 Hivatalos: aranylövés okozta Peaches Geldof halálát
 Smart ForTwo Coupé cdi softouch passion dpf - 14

* * *

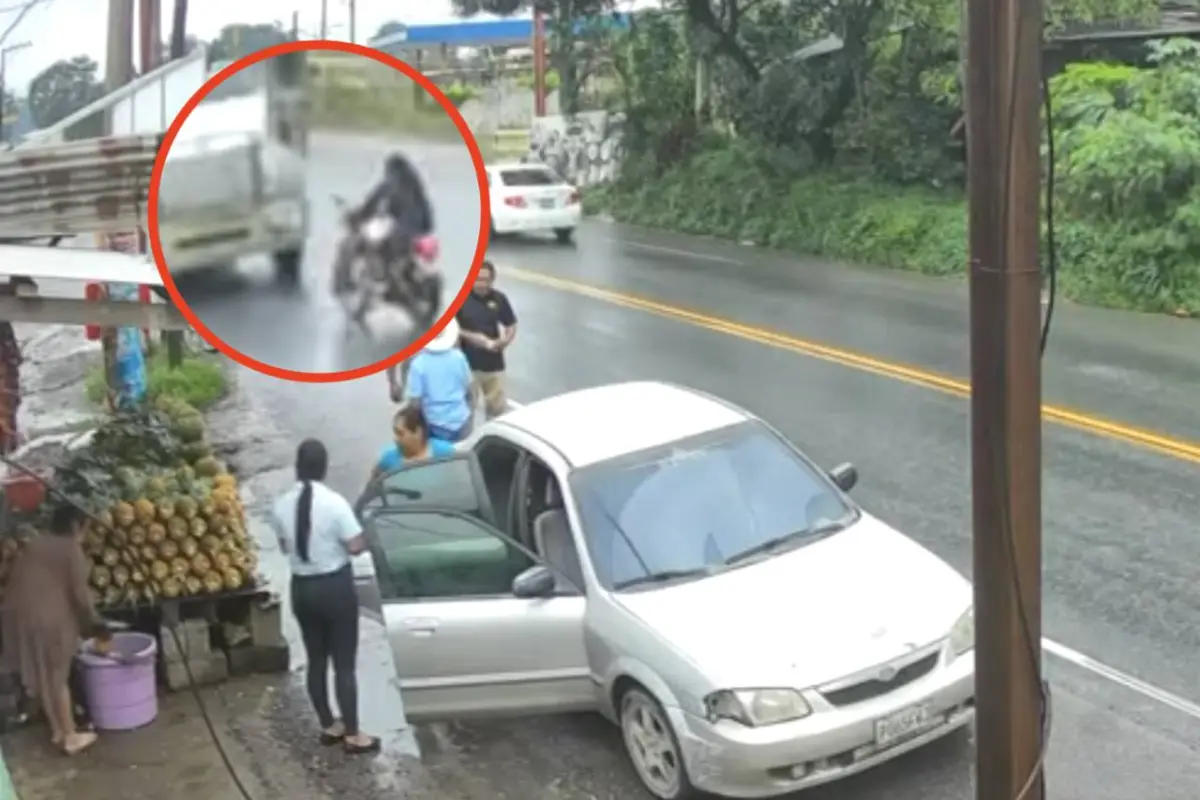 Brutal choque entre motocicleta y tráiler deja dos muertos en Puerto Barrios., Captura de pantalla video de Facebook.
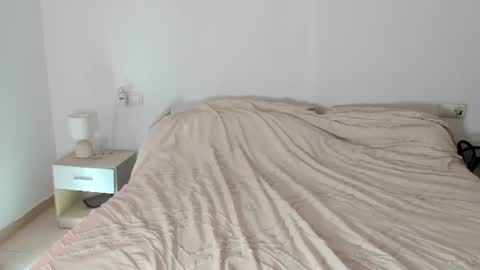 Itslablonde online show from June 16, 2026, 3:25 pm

* * *

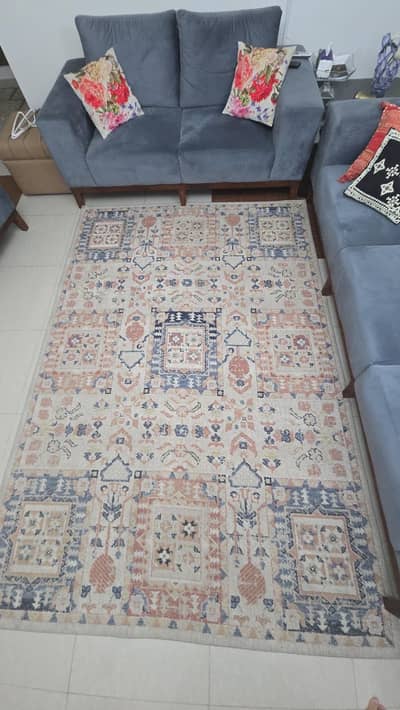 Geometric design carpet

Problem to work on>
Above are the entries. Quote exactly the lines from the one bearing "Hivatalos: aranylövés okozta" through the one bearing "Smart ForTwo Coupé".

Result>
 Hivatalos: aranylövés okozta Peaches Geldof halálát
 Smart ForTwo Coupé cdi softouch passion dpf - 14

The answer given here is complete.